まず、アパートの購入代金を一括で支払えば、当然ながらその分だけ手元の資金が一気に減ってしまいます。Aさんは念頭に置いていないかもしれませんが、設備の交換や修繕などといった突発的な出費があった場合、Aさんが予算よりも安く買えて浮いた分のお金(約7,000万円)が減ってしまうことになります。
もちろん、Aさんが考えているとおり、キャッシュで購入すれば利息の支払いは発生しません。加えて、ローンを組んだ場合は返済額分を差し引いた正味の利回り(返済後利回り)が低下してしまいますので、その点においても全額キャッシュ購入のケースのほうが有利だといえるでしょう。
ただ、Aさんの知人が指摘したようにキャッシュによる一括払いは、最初に投じた資金の回収に長い時間を要するため、その分だけ投資効率が悪くなるのも確かです。
ローンを活用して“レバレッジを効かせる”という手法
たとえば、4,000万円を頭金として残りをローンで調達し、Aさんが購入したものとほぼ同等の物件を2棟所有するという発想があります。そうすれば、同じく8,000万円の自己資金投入でも、ローンの返済分を差し引いたうえで収益性は向上します。

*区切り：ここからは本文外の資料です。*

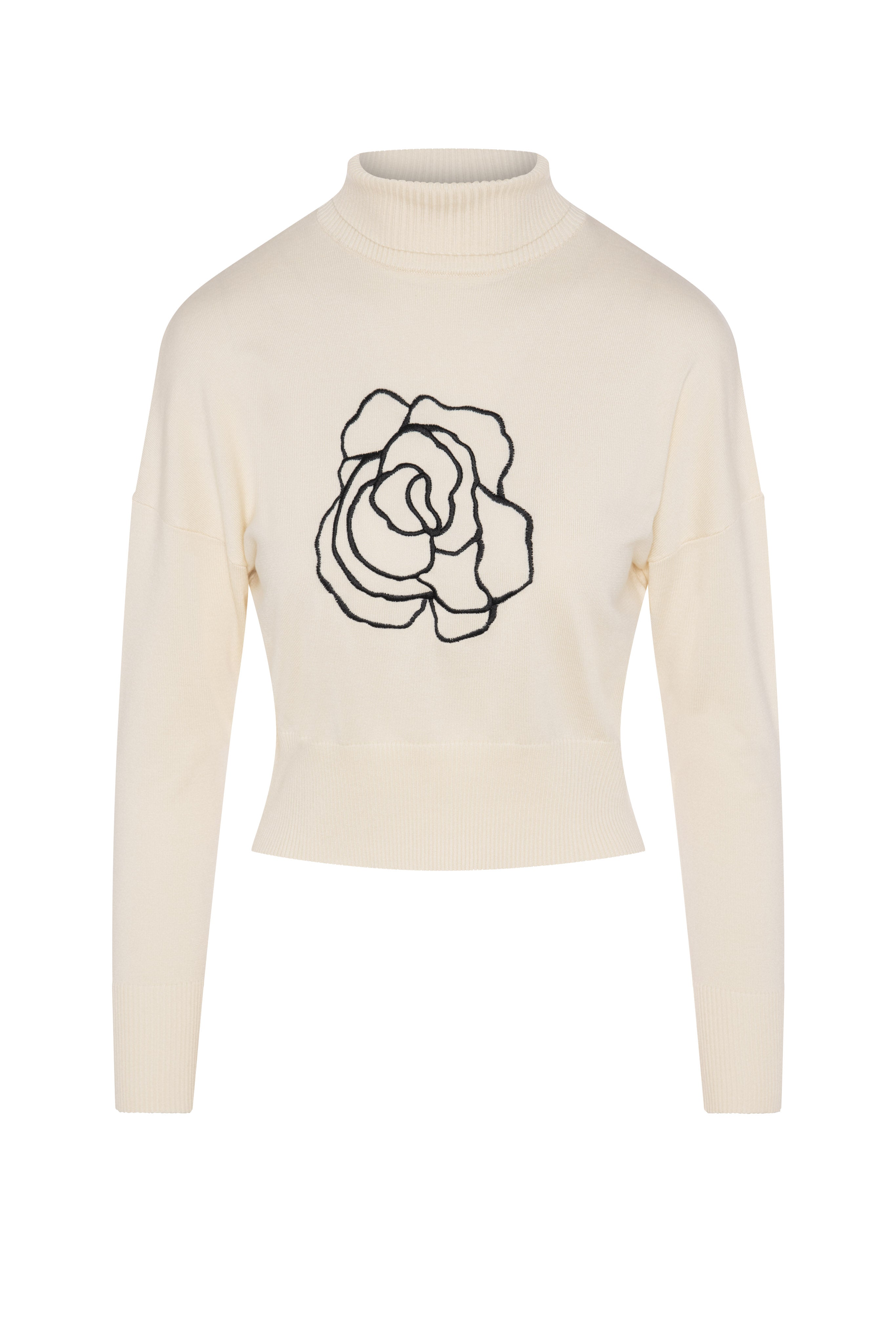 Cropped Knit Turtle Neck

ローンの活用で投入した資金(頭金)の何倍もの価格の物件を所有できることを、投資の世界では「レバレッジ(テコの原理)を効かせる」と表現します。複数棟をすべて一括で購入できるような資産家のあいだでも、あえてローンを用いてレバレッジを効かせた投資を行っているケースが見受けられます。
先述したように、全額キャッシュで購入することにもメリットがあります。多数の賃貸不動産を所有している資産家の方々は、資産構成や投資の目的などに応じて、キャッシュによる購入とローンの活用を上手く使いわけているのでしょう。
いずれにせよ、投資に対するリスクを鑑みて自己資金を拠出することが重要です。